(SUPPLIED DATA)
= = = = =
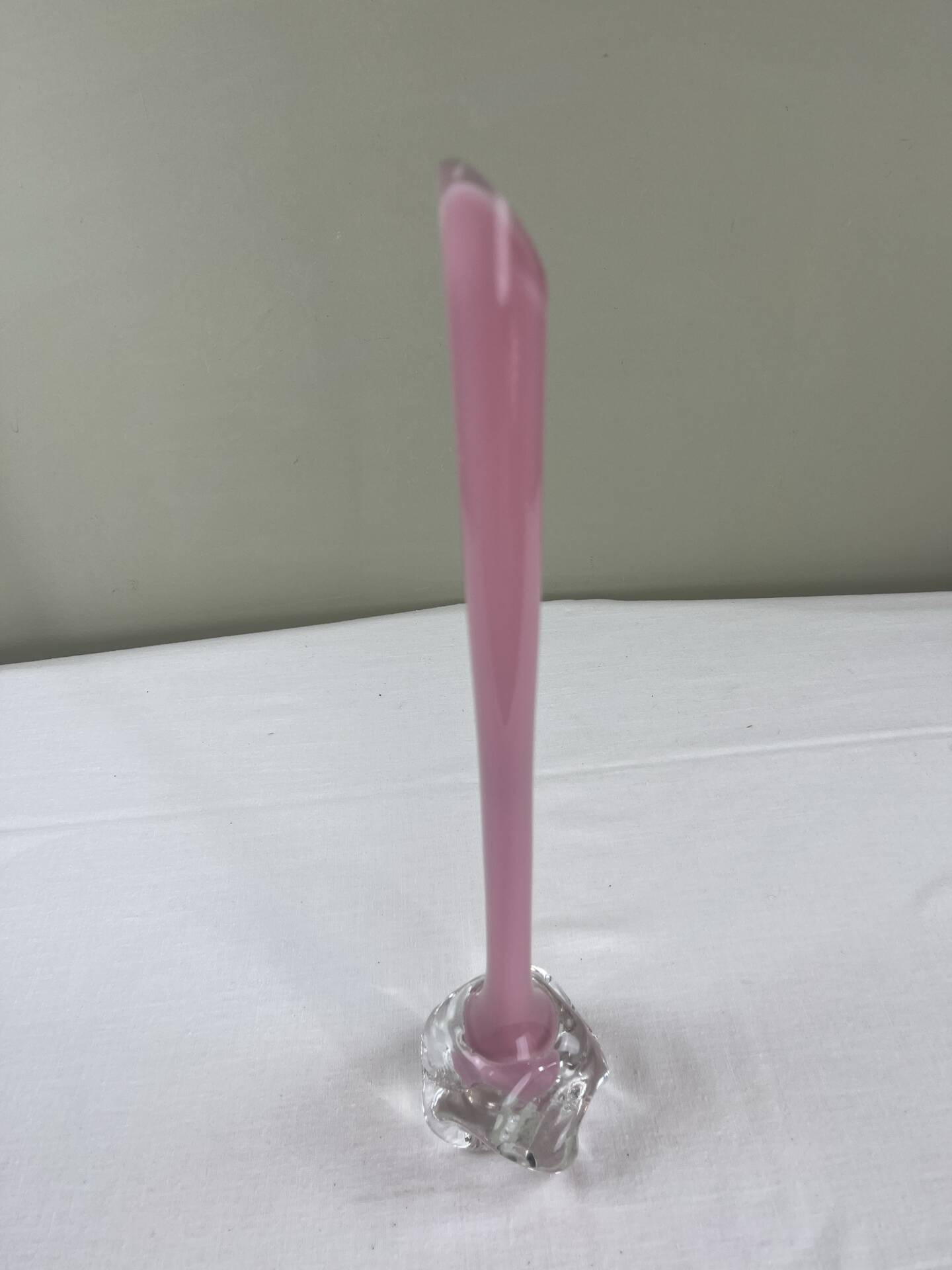 Sculptural glass soliflore in pink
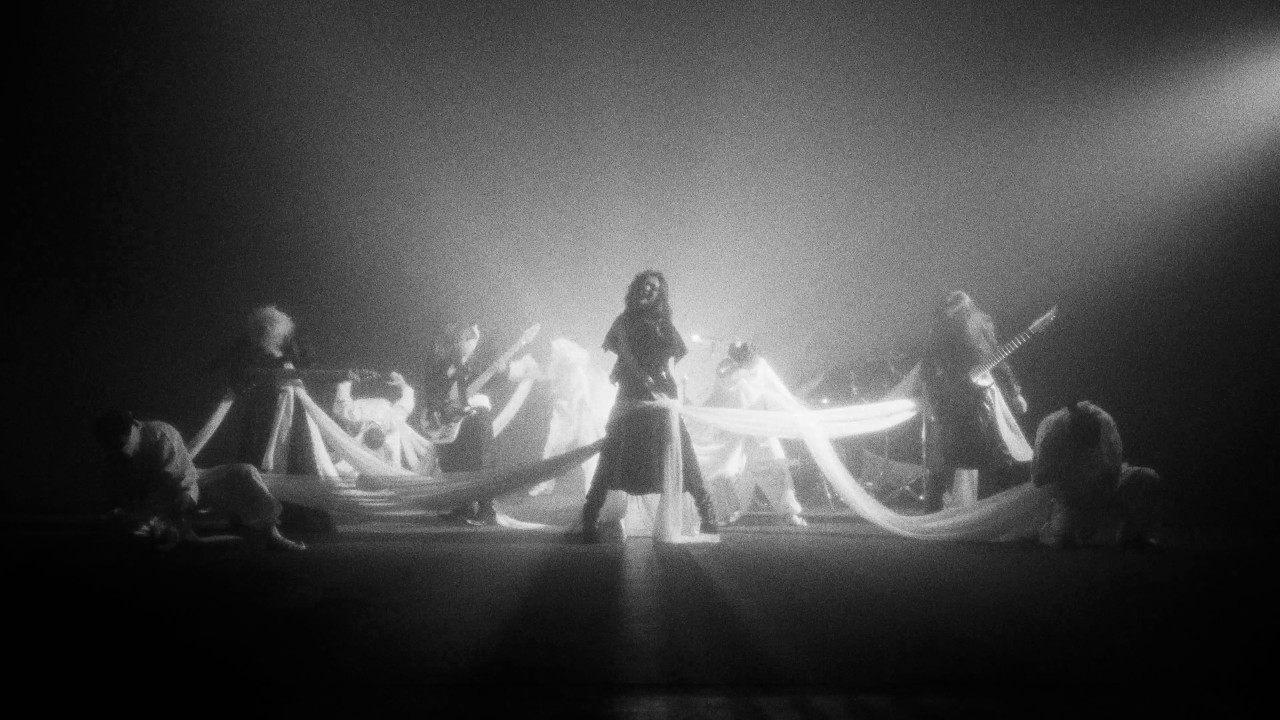 Madmans Esprit - Dandelion [Official Video]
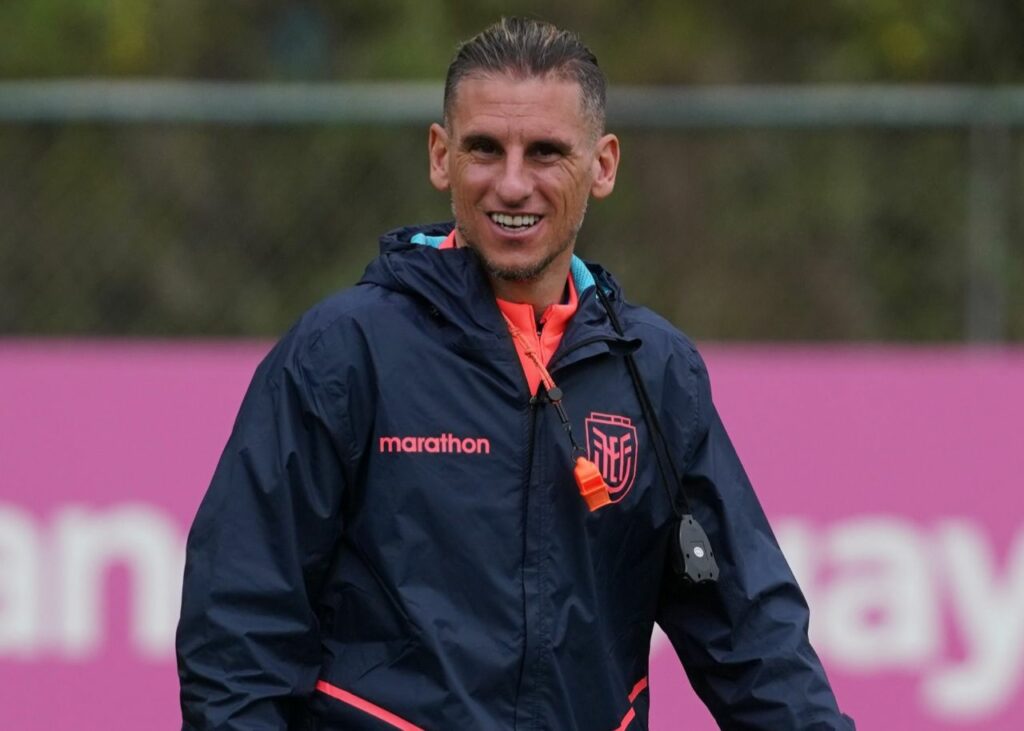 Estamos a 100 minutos de la clasificación, afirma Beccacece, DT de la selección ecuatoriana.
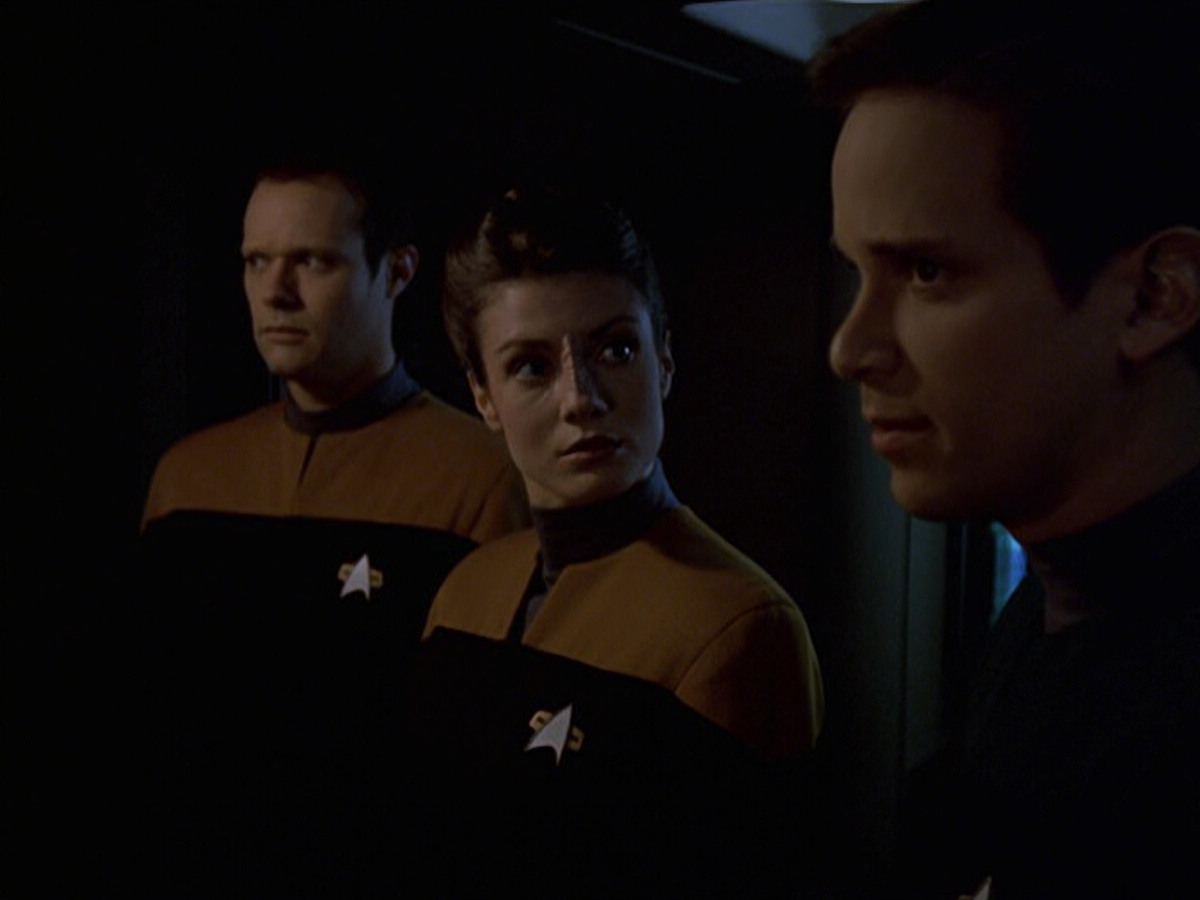 extant_StarTrek_VOY_6x20-GoodShepherd_02461.jpg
= = = = =
In the listing above, transcribe exactly the lines from the line containing "Madmans Esprit - Dandelion [Official Video]" through the last one, both included, but not the pictures.

(EXERCISE RESPONSE)
 Madmans Esprit - Dandelion [Official Video]
 Estamos a 100 minutos de la clasificación, afirma Beccacece, DT de la selección ecuatoriana.
 extant_StarTrek_VOY_6x20-GoodShepherd_02461.jpg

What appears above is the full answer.